Please copy the data below exactly; none of the pictures in it belong in the copy.

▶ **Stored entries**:
'''
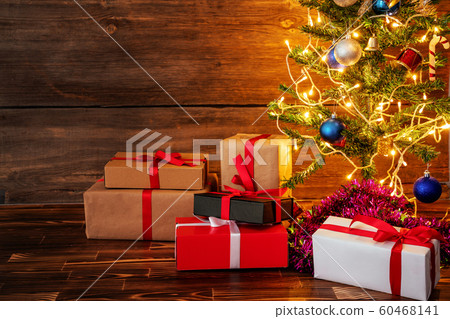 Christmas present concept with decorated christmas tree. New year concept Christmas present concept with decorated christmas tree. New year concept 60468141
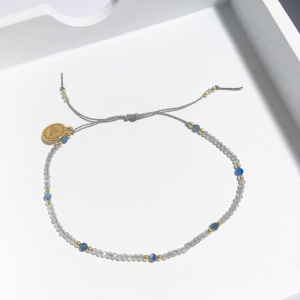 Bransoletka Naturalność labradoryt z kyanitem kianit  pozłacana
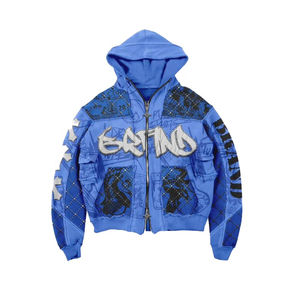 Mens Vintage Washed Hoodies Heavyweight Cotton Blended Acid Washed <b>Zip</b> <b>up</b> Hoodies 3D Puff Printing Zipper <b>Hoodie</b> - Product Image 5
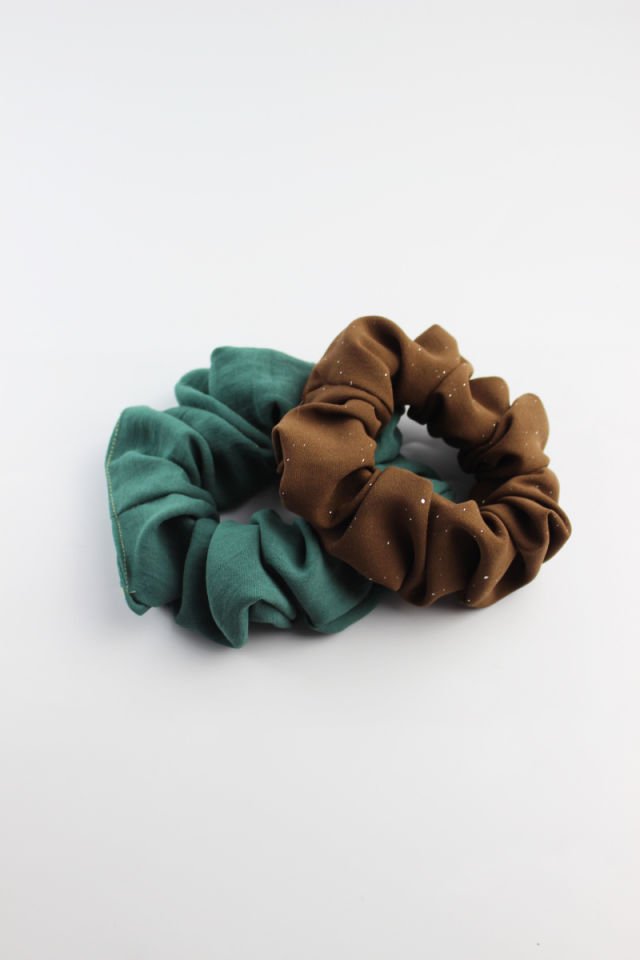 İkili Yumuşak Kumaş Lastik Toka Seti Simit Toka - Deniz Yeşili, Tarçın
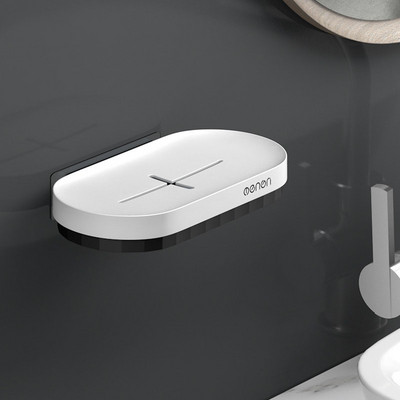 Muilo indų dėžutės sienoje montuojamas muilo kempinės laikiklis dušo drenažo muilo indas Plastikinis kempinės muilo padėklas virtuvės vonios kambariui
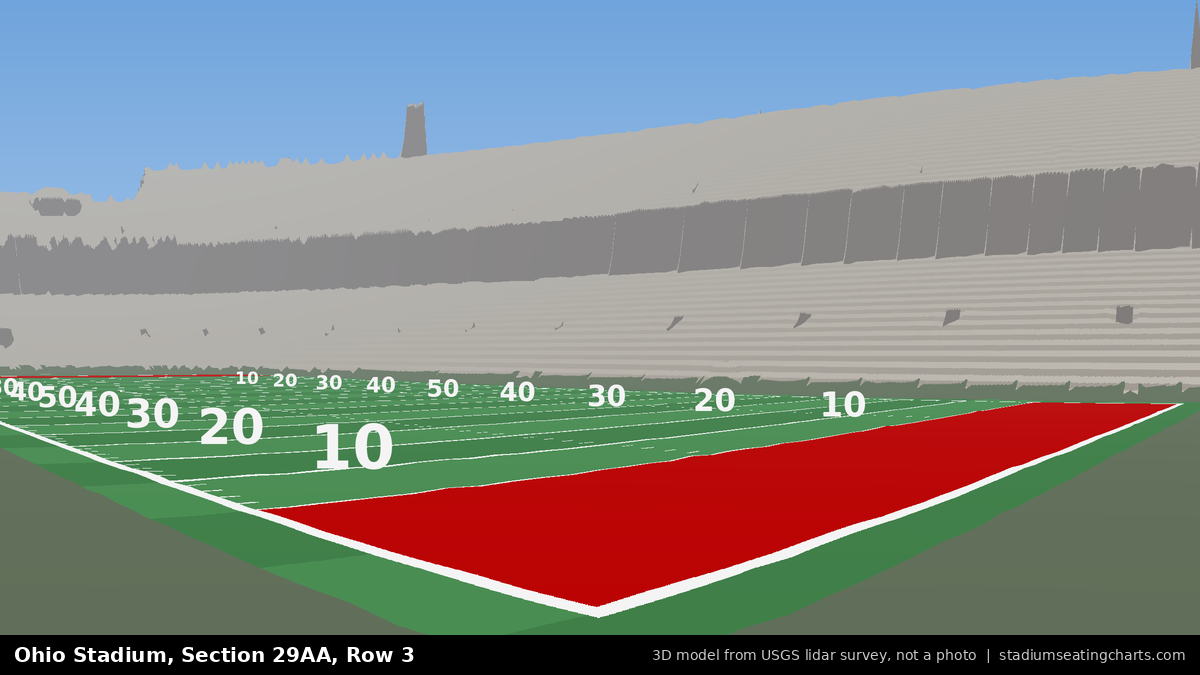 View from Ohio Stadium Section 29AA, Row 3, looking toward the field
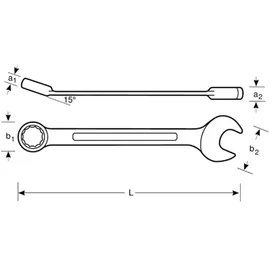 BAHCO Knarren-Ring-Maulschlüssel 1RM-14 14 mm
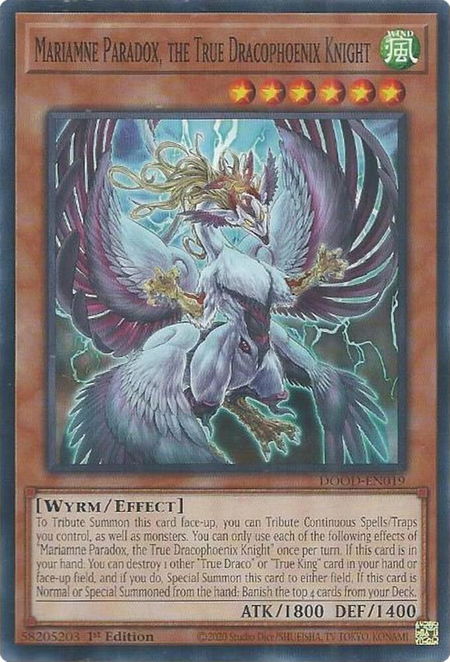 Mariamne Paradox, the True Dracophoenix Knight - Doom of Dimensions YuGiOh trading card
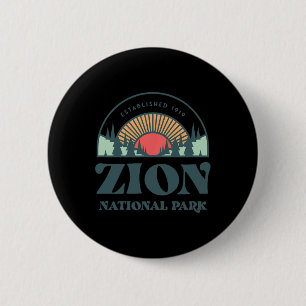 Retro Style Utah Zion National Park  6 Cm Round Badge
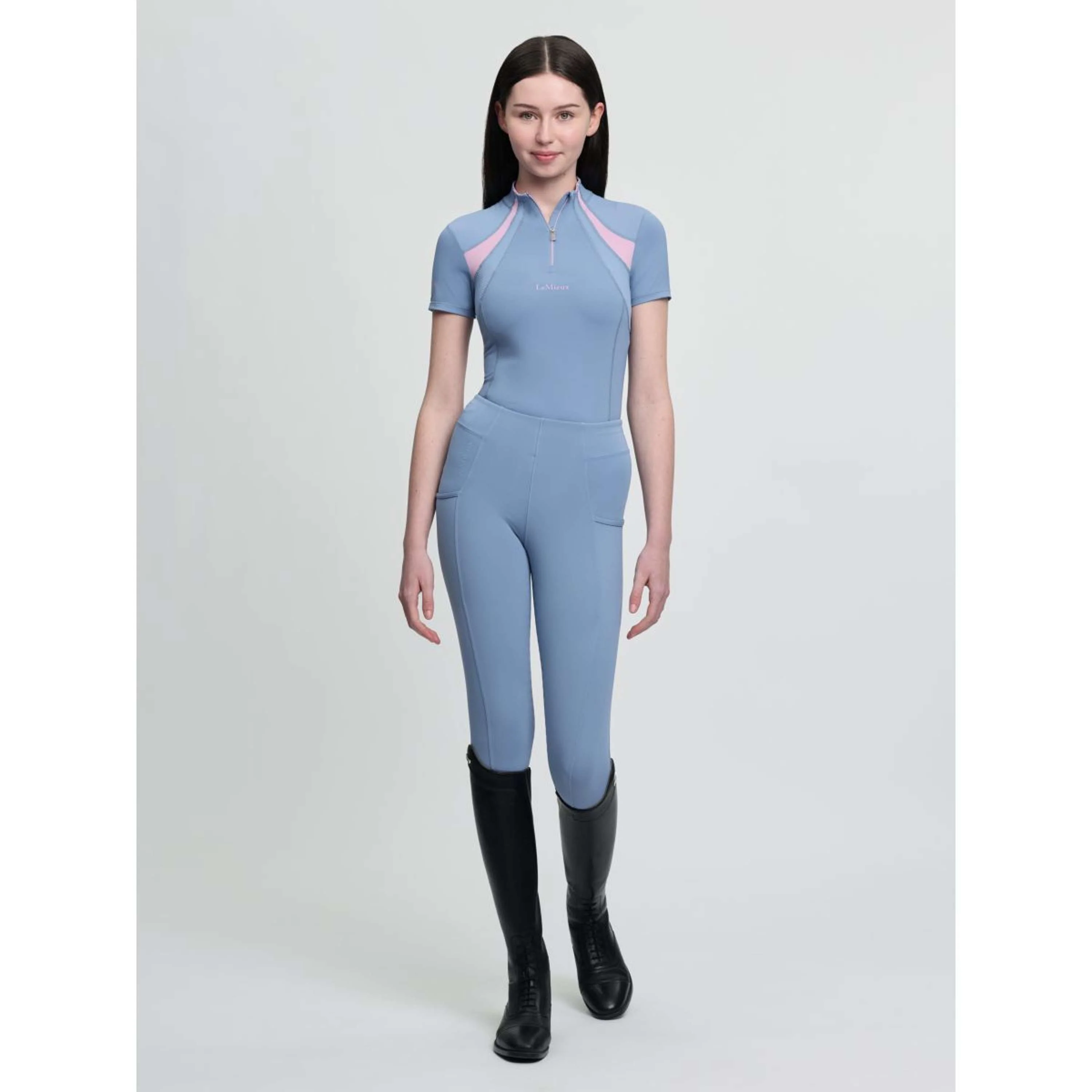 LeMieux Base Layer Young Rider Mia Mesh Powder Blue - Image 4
'''
▶ **TASK SOLUTION**:
 Christmas present concept with decorated christmas tree. New year concept Christmas present concept with decorated christmas tree. New year concept 60468141
 Bransoletka Naturalność labradoryt z kyanitem kianit  pozłacana
 Mens Vintage Washed Hoodies Heavyweight Cotton Blended Acid Washed <b>Zip</b> <b>up</b> Hoodies 3D Puff Printing Zipper <b>Hoodie</b> - Product Image 5
 İkili Yumuşak Kumaş Lastik Toka Seti Simit Toka - Deniz Yeşili, Tarçın
 Muilo indų dėžutės sienoje montuojamas muilo kempinės laikiklis dušo drenažo muilo indas Plastikinis kempinės muilo padėklas virtuvės vonios kambariui
 View from Ohio Stadium Section 29AA, Row 3, looking toward the field
 BAHCO Knarren-Ring-Maulschlüssel 1RM-14 14 mm
 Mariamne Paradox, the True Dracophoenix Knight - Doom of Dimensions YuGiOh trading card
 Retro Style Utah Zion National Park  6 Cm Round Badge
 LeMieux Base Layer Young Rider Mia Mesh Powder Blue - Image 4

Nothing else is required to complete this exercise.